# What this task involves:
No pictures, please: print exactly the lines from the one that contains "2022 Subaru WRX AWD Premium 4DR Sedan 6M" through the last line of the listing.

[[ Input material, beginning ]]

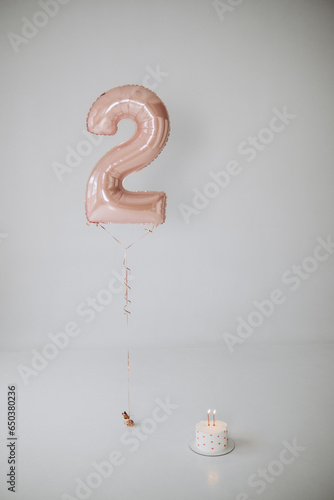  For 2nd Birthday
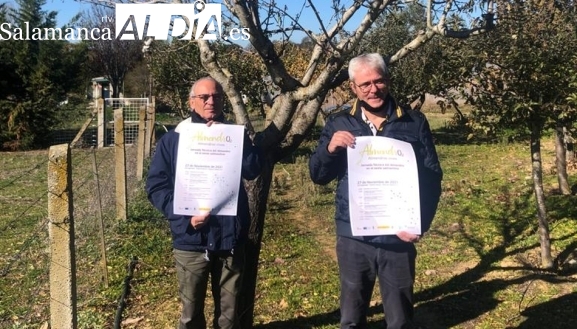 Jornada técnica sobre el cultivo ecológico y comercialización de la almendra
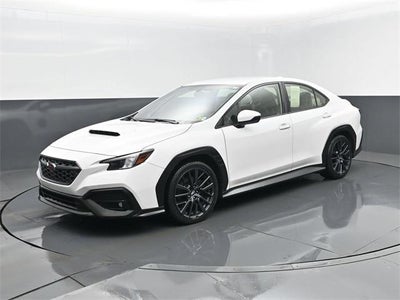 2022 Subaru WRX AWD Premium 4DR Sedan 6M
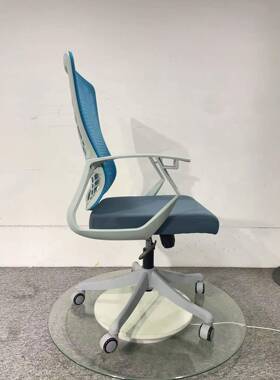 浩正尚人体工网布办公椅电脑椅HZ-3212职员椅2升降家用转椅时H学Z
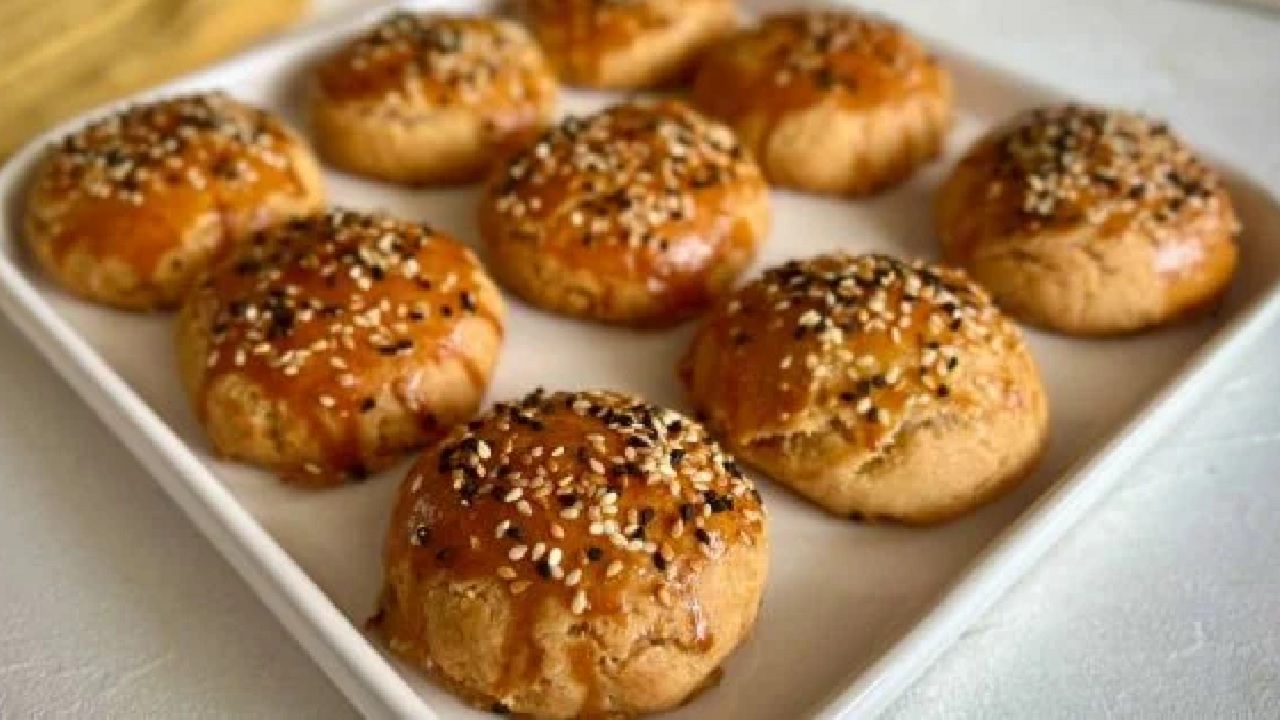 Kepekli Poğaça Tarifi! Hem Çok Lezzetli Hem de Sağlıklı!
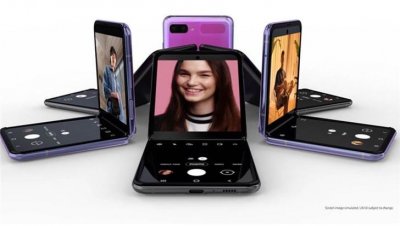 ​三星Galaxy Z Flip换屏价格公布，就算是1.1英寸小屏也需要千元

[[ Input material, end ]]

# Solution for this exercise:
 2022 Subaru WRX AWD Premium 4DR Sedan 6M
 浩正尚人体工网布办公椅电脑椅HZ-3212职员椅2升降家用转椅时H学Z
 Kepekli Poğaça Tarifi! Hem Çok Lezzetli Hem de Sağlıklı!
 ​三星Galaxy Z Flip换屏价格公布，就算是1.1英寸小屏也需要千元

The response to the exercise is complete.